Query across a date range

From: David Jaquay <djaquay(at)gmail(dot)com>
To: pgsql-performance(at)postgresql(dot)org
Subject: Query across a date range
Date: 2005-01-07 19:17:31
Message-ID: ad4aa5a805010711171a3c1696@mail.gmail.com
Views: Raw Message | Whole Thread | Download mbox | Resend email
Thread:
Lists: pgsql-performance

Summary: Doing a two or three table join for a date range performs
worse than doing the same query individually for each date in the
range.

What works: Doing a query just on a single date or a date range
(against just one table) runs quick; 'explain' says it uses an index
scan.
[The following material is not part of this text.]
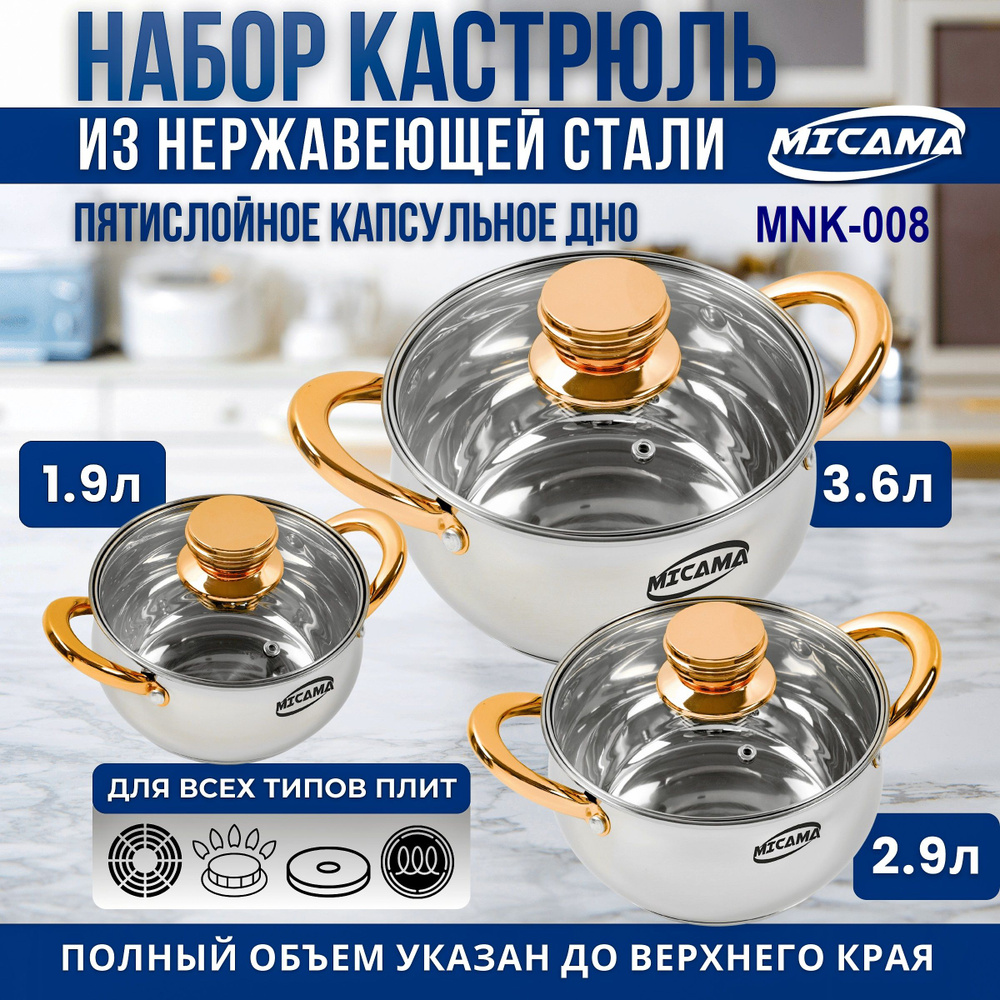 Набор кастрюль MICAMA, Нержавеющая сталь, Термоупрочненное стекло, 1,9 л,  2,9 л, 3,6 л - купить по выгодной цене в интернет-магазине OZON.ru  (1548365511)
Doing a query on a single date for one store or for one market
uses all index scans, and runs quick as well.

The problem: Doing a query for a date range on a particular store or
market, though, for a date range of more than a few days does a
sequential scan of sales_tickets, and performs worse than doing one
single date query for each date. My 'explain' for one such query is
below.

Background: I have two or three tables involved in a query. One table
is holds stores (7 rows at present), one holds sales tickets (about 5
million) and one holds line items (about 10 million). It's test data
that I've generated and loaded using '\copy from'. Each has a primary
key, and line items have two dates, written and delivered, that are
indexed individually. Store has a market id; a market contains
multiple stores (in my case, 2 or 3). Each sales ticket has 1-3 line
items.

Is there a way to tell postgres to use an index scan on sales_tickets?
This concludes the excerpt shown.